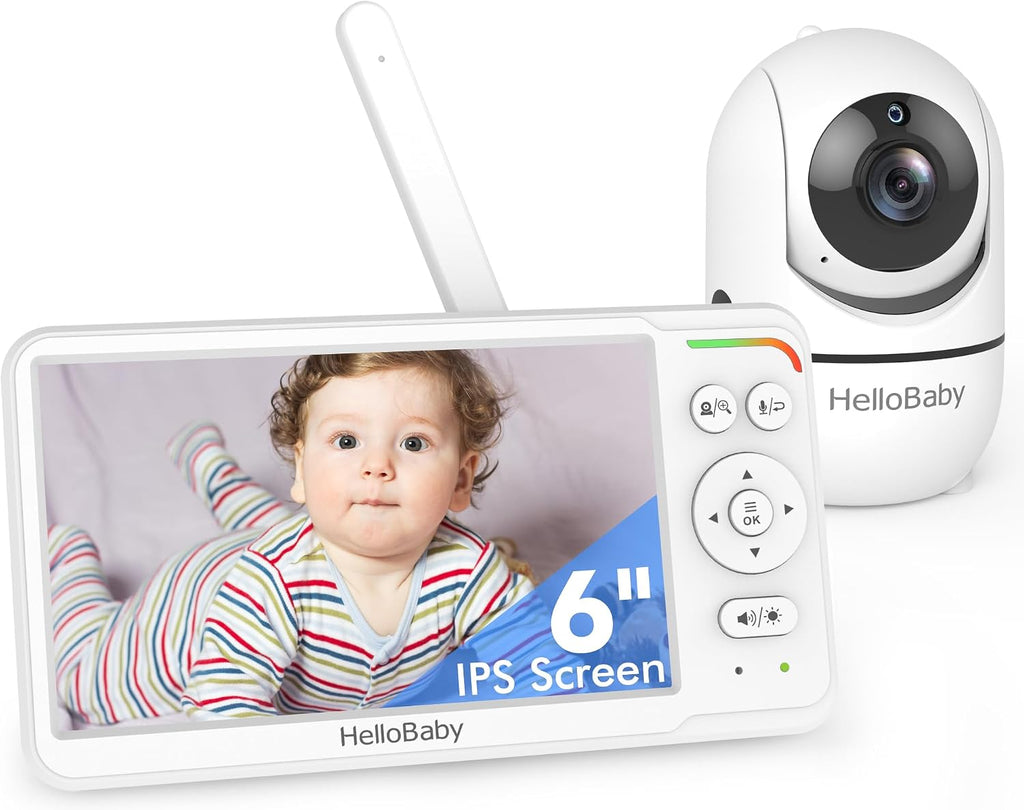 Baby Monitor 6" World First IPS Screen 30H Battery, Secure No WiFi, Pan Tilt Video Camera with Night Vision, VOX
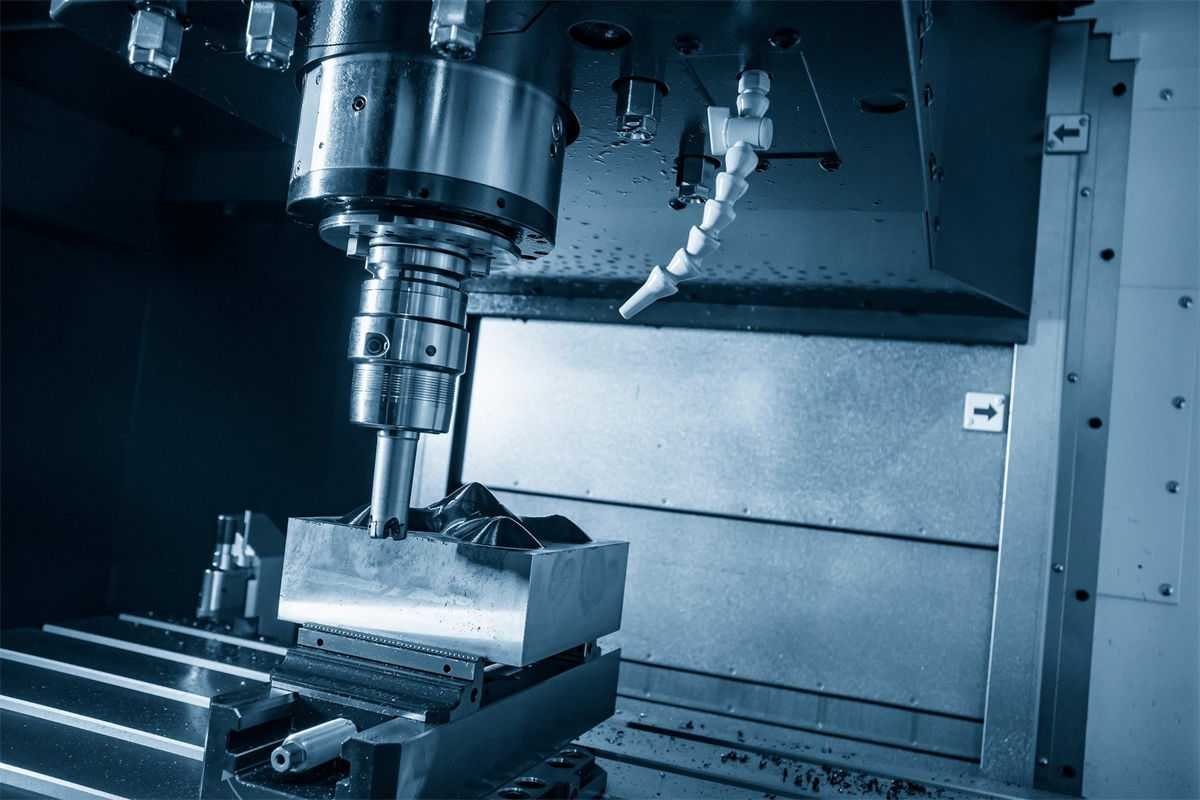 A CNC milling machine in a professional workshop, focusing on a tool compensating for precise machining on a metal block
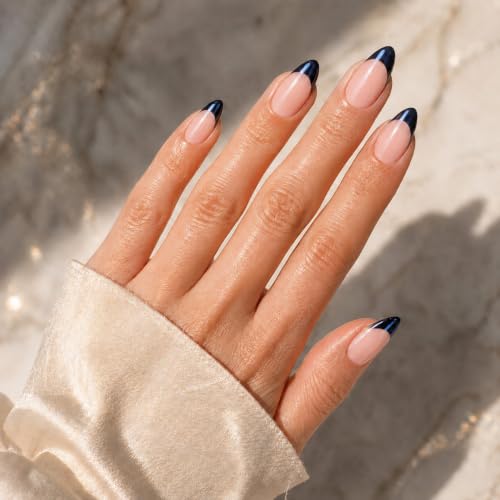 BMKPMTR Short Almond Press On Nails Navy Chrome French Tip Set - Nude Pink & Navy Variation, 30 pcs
--------
The reply should contain every line of the material exactly, and no images.

 Baby Monitor 6" World First IPS Screen 30H Battery, Secure No WiFi, Pan Tilt Video Camera with Night Vision, VOX
 A CNC milling machine in a professional workshop, focusing on a tool compensating for precise machining on a metal block
 BMKPMTR Short Almond Press On Nails Navy Chrome French Tip Set - Nude Pink & Navy Variation, 30 pcs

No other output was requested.